*** Opening of Dataset section ***
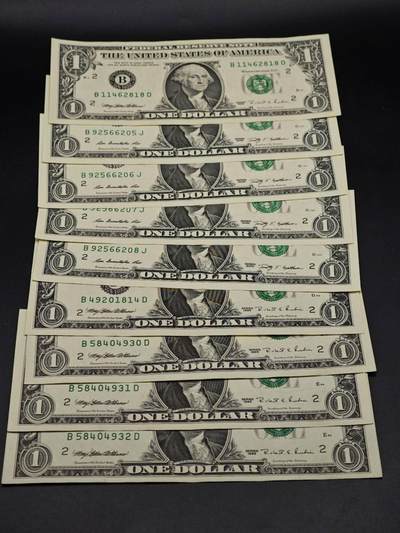 【淘币小摊】实时拍第八百六十五拍   纸币场    年前最后一周之前预留预留8号9号全部发出请更换最新收货地址不方便收货的请勿参拍或者顺丰到付 - 美国一美元纸币9张【有折】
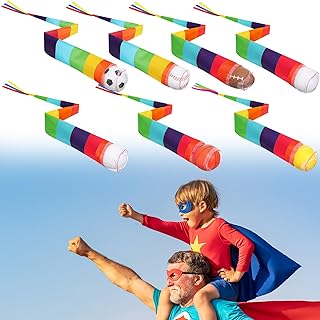Leyndo 7 Pcs Rainbow Catch Tail Balls Throw and Catch Ball, 25.59 x 2.36 Inches Ball with Tail Comet Balls Meteor Ball with Rainbow Tails for Outdoor Kindergarten School Training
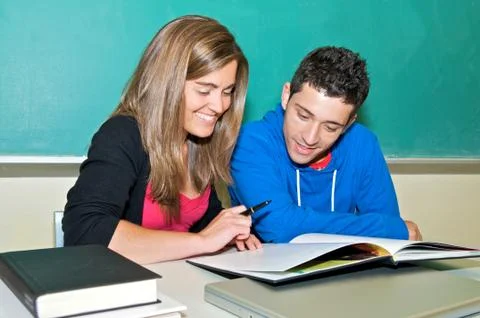 Fun students studying Stock Photos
*** Close of Dataset section ***
_Your task_.
Write out the lines of the material from the one containing "Leyndo 7 Pcs" through the last, exactly and only those. Leave every picture out.

_Response to the task_.
Leyndo 7 Pcs Rainbow Catch Tail Balls Throw and Catch Ball, 25.59 x 2.36 Inches Ball with Tail Comet Balls Meteor Ball with Rainbow Tails for Outdoor Kindergarten School Training
 Fun students studying Stock Photos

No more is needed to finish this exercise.